Problem : Compute the minimax value of each node in the tree below. Squares represent max nodes and circles represent min nodes.

Problem : Show the operation of alpha-beta pruning on the tree shown below. Show the (alpha, beta) windows passed to each node as the tree is traversed, the values returned from each node, and which branches are pruned.

Node | $(\alpha, \beta)$ | Value |
---|---|---|
A | $(-\infty, \infty)$ | 7 |
B | $(-\infty, \infty)$ | 4 |
C | $(4, \infty)$ | 7 |
D | $(7, \infty)$ | 6 |
E | $(-\infty, \infty)$ | 4 |
F | $(-\infty, 4)$ [prunes 2nd child] | 6 |
G | $(-\infty, 4)$ [prunes 2nd child] | 7 |
H | $(4, \infty)$ | 7 |
I | $(4, 7)$ [prunes 2nd, 3rd children] | 9 |
J | $(7, \infty)$ | 9 |
K | $(7, 9)$ | 6 |
Problem : Show the operation of Scout on he tree from the previous problem. Show the (alpha, beta) windows passed to each node as the tree is traversed, the values returned from each node, and which branches are pruned.
Node | $(\alpha, \beta)$ | Value |
---|---|---|
A | $(-\infty, \infty)$ | 7 |
B | $(-\infty, \infty)$ | 4 |
C | $(4, 5)$ $(7, \infty)$ [prunes second child] |
7 7 |
D | $(7, 8)$ | 6 |
E | $(-\infty, \infty)$ | 4 |
F | $(3, 4)$ [prunes 2nd child] | 6 |
G | $(3, 4)$ [prunes 2nd child] | 7 |
H | $(4, 5)$ [prunes 2nd child] $(7, \infty)$ |
7 7 |
I | $(4, 5)$ [prunes 2nd, 3rd children] | 9 9 |
J | $(7, 8)$ [prunes 2nd, 3rd children] | 9 |
K | $(7, 8)$ | 6 |
Problem : Show what would be stored in the transposition table after using alpha-beta pruning on the tree from above. Assume that the transposition table is initially empty and there are no collisions.
Node | Depth | Bound |
---|---|---|
A | 3 | =7 |
B | 2 | =4 |
C | 2 | =7 |
D | 2 | =6 |
E | 1 | =4 |
F | 1 | ≥6 |
G | 1 | ≥7 |
H | 1 | =7 |
I | 1 | ≥9 |
J | 1 | =9 |
K | 1 | =6 |
Problem : Condsider the multi-armed bandit problem with 3 arms with payoffs determined by the outcomes of rolling a fair 6-, 8-, or 10-sided die. Show that the greedy strategy does not achieve zero average regret for this setup.
Problem : Describe modifcations that would be necessary to standard MCTS for 2-player Yahtzee.
Problem : Pick an two enhancements to standard MCTS and describe how they might be applied to NFL Strategy, Kalah, or Yahtzee.
Predicate Average Sampling Technique: for NFL Strategy, use predicates "trailing by more than 21 points" and "leading by more than 21 points" and keep track of the success of various plays in those situations during random playouts. Then bias play selection towards the plays that are better in those situations when in positions matching those situations.
Search Seeding: use a heuristic function for Kalah (perhaps our simple score margin heuristic) to initialize visit count and reward statistics for newly expanded nodes in the hopes of reducing the amount of time determining that bad moves are in fact bad.
Problem : Describe how you would set up the inputs to a neural network that chooses plays for NFL Strategy. Describe how you would use the outputs to choose a play.

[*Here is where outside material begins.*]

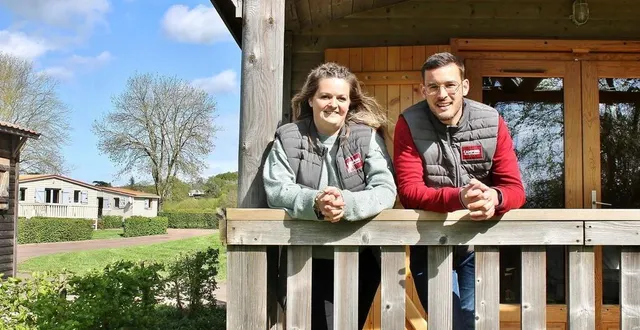 photo  amélie lebreton et max swiatkiewiez, les jeunes gérants du camping municipal de sablé-sur-sarthe, entament leur deuxième saison.  &copy;  ouest-france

- distance to goal line, normalized to $[0.0, 1.0)$
- time left in quarter, normalized to $[0.0, 1.0)$
- current quarter (1.0 = 1st, 0.66 = 2nd, 0.33 = 3rd, 0.0 = 4th)
- current down (1.0 = 1st, 0.66 = 2nd, 0.33 = 3rd, 0.0 = 4th)

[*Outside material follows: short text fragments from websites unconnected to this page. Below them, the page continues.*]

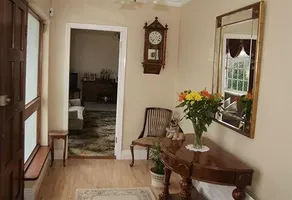 Oldtown Farmhouse - Image 3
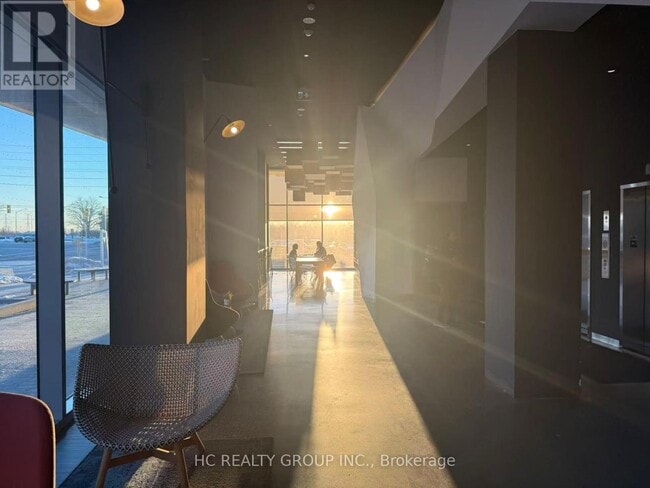 Building Photo - 10 Rouge Valley Dr W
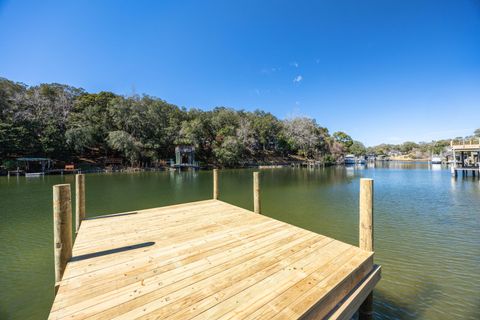 A home in Fort Walton Beach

- yards to first down divided by 10 (this one is interesting: we should normalize somehow, but dividing by 100 would result in compressing the most frequently seen positions to a small range; normalizing to standard deviations away from the mean seen during actual play may be better)
- score margin divided by 20 (again, the best normalization may be determined by experimentation)
- (and field position as -1 for left, 0, for center, 1 for right if you wish to include that feature of the commercial game)
- one output for each play, interpreted as the probability of selecting that play (so the output layer should use a softmax activation function)
Problem : How did DeepMind address the issue of overfitting when training the value network they used in AlphaGo?